Exercise.
Restate each of the lines below word for word and drop every picture.

[Collected data]
Content starts

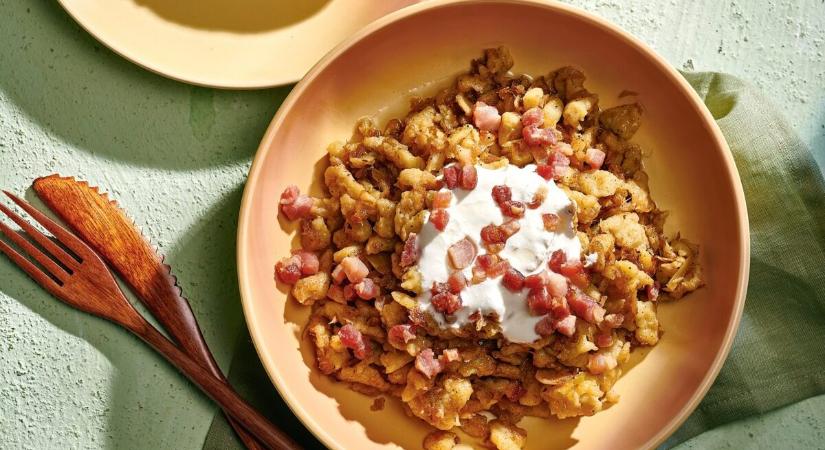 Káposztás sztrapacska pirított szalonnával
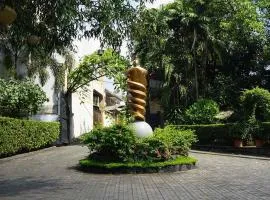 Commander Suites de Velada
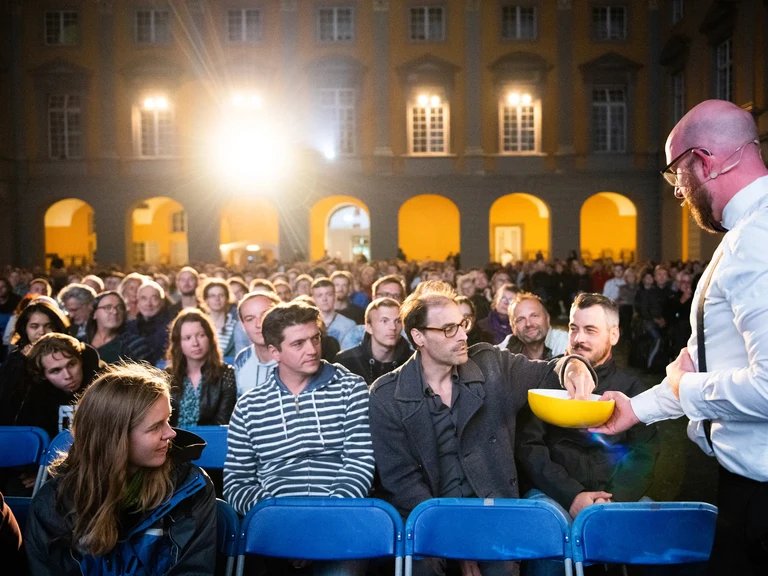 Zahlreiche Zuschauerinnen und Zuschauer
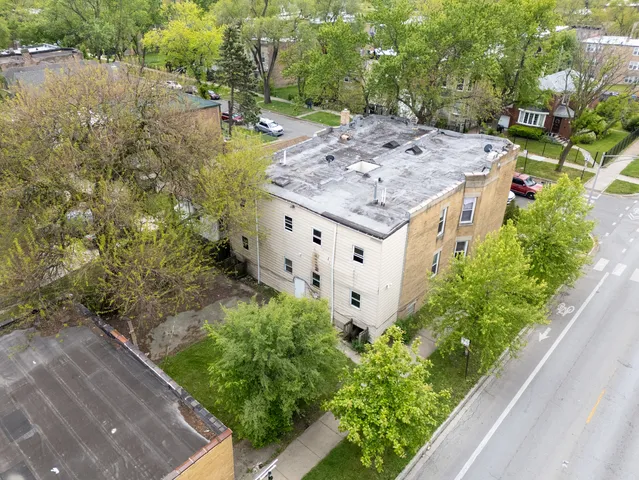 $475,000 | 6601 South St Lawrence Avenue, Chicago, IL 60637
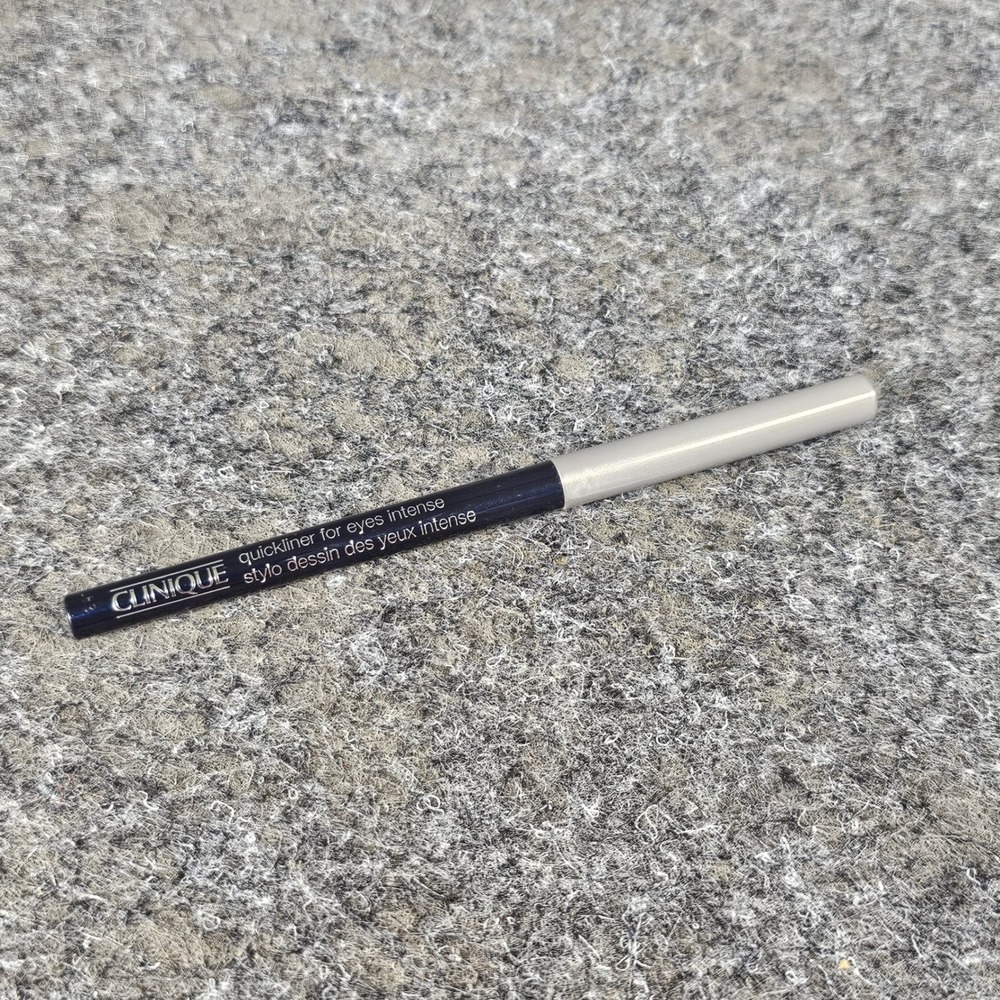 Clinique Quickliner for Eyes Intense Eyeliner Pencil, 01 Intense Black, NEW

Content ends

Exercise answer.
 Káposztás sztrapacska pirított szalonnával
 Commander Suites de Velada
 Zahlreiche Zuschauerinnen und Zuschauer
 $475,000 | 6601 South St Lawrence Avenue, Chicago, IL 60637
 Clinique Quickliner for Eyes Intense Eyeliner Pencil, 01 Intense Black, NEW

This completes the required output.